[pandas] pandas 데이터 핸들링 정리(2)
Intro
Pandas는 다양한 메서드와 속성이 존재하기 때문에 정리를 하지 않으면 헷갈릴 수 있으므로, 배운 내용을 정리하고자 합니다.
그리고 pandas는 원하는 데이터 핸들링을 하기 위해서 하나의 방법만 존재하지 않기 때문에, 자신만의 판다스 사용 방법을 외워서 숙달한다면 더 빠르게 실전 상황에서 데이터 핸들링을 할 수 있을 겁니다.
이번에는 데이터 핸들링 첫번째로, drop duplicate, value_counts, 요약된 통계량을 보여주는 summary statistics와 groupby를 정리하겠습니다.
데이터 소개
PassengerId Survived Pclass Name Sex Age SibSp Parch Ticket Fare Cabin Embarked
0 1 0 3 Braund, Mr. Owen Harris male 22.0 1 0 A/5 21171 7.2500 NaN S
1 2 1 1 Cumings, Mrs. John Bradley (Florence Briggs Th... female 38.0 1 0 PC 17599 71.2833 C85 C
2 3 1 3 Heikkinen, Miss. Laina female 26.0 0 0 STON/O2. 3101282 7.9250 NaN S
3 4 1 1 Futrelle, Mrs. Jacques Heath (Lily May Peel) female 35.0 1 0 113803 53.1000 C123 S
4 5 0 3 Allen, Mr. William Henry male 35.0 0 0 373450 8.0500 NaN S
Drop duplicate
# Drop duplicate store/type combinations
store_types = sales.drop_duplicates(['store','type'])
print(store_types.head())
# Drop duplicate store/department combinations
store_depts = sales.drop_duplicates(['store','department'])
print(store_depts.head())
# Subset the rows where is_holiday is True and drop duplicate dates
holiday_dates = sales[sales['is_holiday']==True].drop_duplicates('date')

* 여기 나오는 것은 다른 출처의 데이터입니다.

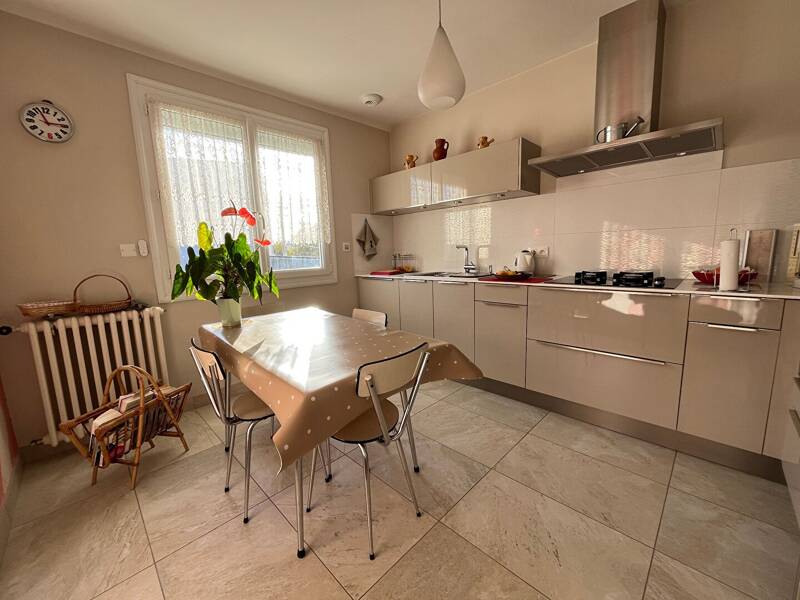 Maison à vendre, 84m², SAINT NAZAIRE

# Print date col of holiday_dates
print(holiday_dates.columns)
Value counts
# Count the number of stores of each type
store_counts = store_types["type"].value_counts()
print(store_counts)
# Get the proportion of stores of each type
store_props = store_types["type"].value_counts(normalize=True)
print(store_props)
# Count the number of each department number and sort
dept_counts_sorted = store_depts["department"].value_counts(sort=True)
print(dept_counts_sorted)
# Get the proportion of departments of each number and sort
dept_props_sorted = store_depts["department"].value_counts(sort=True, normalize=True)
print(dept_props_sorted)
Group by
# From previous step
sales_by_type = sales.groupby("type")["weekly_sales"].sum()
# Group by type and is_holiday; calc total weekly sales
sales_by_type_is_holiday = sales.groupby(["type","is_holiday"])["weekly_sales"].sum()
print(sales_by_type_is_holiday)
# Import numpy with the alias np
import numpy as np
# For each store type, aggregate weekly_sales: get min, max, mean, and median
sales_stats = sales.groupby("type")["weekly_sales"].agg([np.min,np.max,np.mean,np.median])
# Print sales_stats
print(sales_stats)
# For each store type, aggregate unemployment and fuel_price_usd_per_l: get min, max, mean, and median
unemp_fuel_stats = sales.groupby("type")['unemployment','fuel_price_usd_per_l'].agg([np.min,np.max,np.mean,np.median])
# Print unemp_fuel_stats
print(unemp_fuel_stats)
pivot tables
Pivot tables are the standard way of aggregating data in spreadsheets. In pandas, pivot tables are essentially just another way of performing grouped calculations
That is, the .pivot_table() method is just an alternative to .groupby().
dogs.groupby(["color","breed"])["weight_kg"].mean()
dog.pivot_table(values="weight_kg",index="color",columns="breed",fill_value=0,margin=True(요약통계))
sales.pivot_tables(values="weekly_sales",index="type")
weekly_sales
type
A 23674.667
B 25696.678
# Import NumPy as np
import numpy as np
# Pivot for mean and median weekly_sales for each store type
mean_med_sales_by_type = sales.pivot_table(values="weekly_sales",index="type",aggfunc=[np.median])
# Print mean_med_sales_by_type
print(mean_med_sales_by_type)
median
weekly_sales
type
A 11943.92
B 13336.08
# Pivot for mean weekly_sales by store type and holiday
mean_sales_by_type_holiday = sales.pivot_table(values="weekly_sales",index=["type"],columns="is_holiday")
# Print mean_sales_by_type_holiday
print(mean_sales_by_type_holiday)
is_holiday False True
type
A 23768.584 590.045
B 25751.981 810.705